0
0
R-programmingHow-ToBeginner · 3 min read

How to Train a Model in R: Simple Steps and Example

To train a model in R, use the lm() function for linear regression by specifying a formula and data frame. This fits the model to your data, allowing you to predict or analyze relationships.
📐

Syntax

The basic syntax to train a linear regression model in R is:

  • lm(formula, data): Fits a linear model.
  • formula: Describes the relationship, e.g., y ~ x1 + x2.
  • data: The data frame containing variables.
r
model <- lm(y ~ x1 + x2, data = your_data)
💻

Example

This example shows how to train a linear regression model to predict mpg (miles per gallon) using wt (weight) and hp (horsepower) from the built-in mtcars dataset.

r
model <- lm(mpg ~ wt + hp, data = mtcars)
summary(model)
Output
Call: lm(formula = mpg ~ wt + hp, data = mtcars) Residuals: Min 1Q Median 3Q Max -3.9415 -1.6009 -0.1821 1.0509 5.8543 Coefficients: Estimate Std. Error t value Pr(>|t|) (Intercept) 37.22727 1.59879 23.288 < 2e-16 *** wt -3.87783 0.63273 -6.126 1.12e-06 *** hp -0.03177 0.00903 -3.517 0.00145 ** --- Signif. codes: 0 ‘***’ 0.001 ‘**’ 0.01 ‘*’ 0.05 ‘.’ 0.1 ‘ ’ 1 Residual standard error: 2.593 on 29 degrees of freedom Multiple R-squared: 0.8268, Adjusted R-squared: 0.8148 F-statistic: 69.21 on 2 and 29 DF, p-value: 9.109e-12
⚠️

Common Pitfalls

Common mistakes when training models in R include:

  • Using variables not in the data frame, causing errors.
  • Forgetting to specify the data argument.
  • Misunderstanding formula syntax, e.g., using + for interaction instead of :.

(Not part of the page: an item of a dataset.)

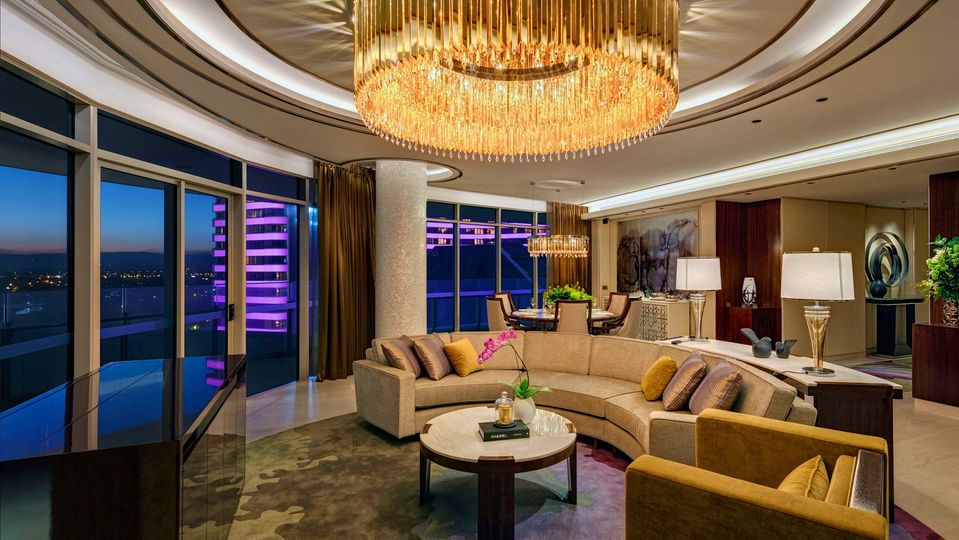 Looking to maximize your hotel stay?  This Penthouse Suite has your name on it.
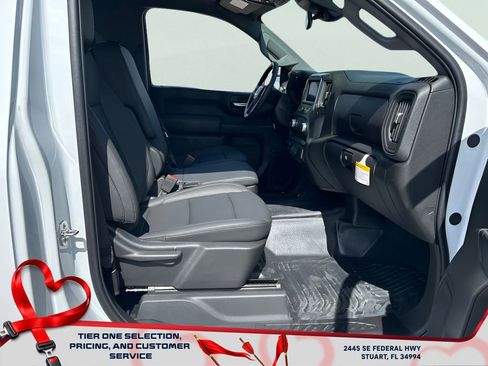 New 2025 GMC Sierra 2500 Pro image 12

Always check variable names and data frame before training.

r
## Wrong: variable not in data frame
# model <- lm(mpg ~ weight + hp, data = mtcars)  # 'weight' does not exist

## Right:
model <- lm(mpg ~ wt + hp, data = mtcars)
📊

Quick Reference

FunctionPurposeExample
lm()Train linear regression modellm(y ~ x1 + x2, data = df)
summary()Show model details and statisticssummary(model)
predict()Make predictions from modelpredict(model, newdata)

Key Takeaways

Use the lm() function with a formula and data frame to train linear models in R.
Always ensure variable names in the formula match those in your data frame.
Use summary() to check model fit and coefficients after training.
Common errors come from missing data argument or wrong variable names.
predict() lets you use the trained model to estimate new values.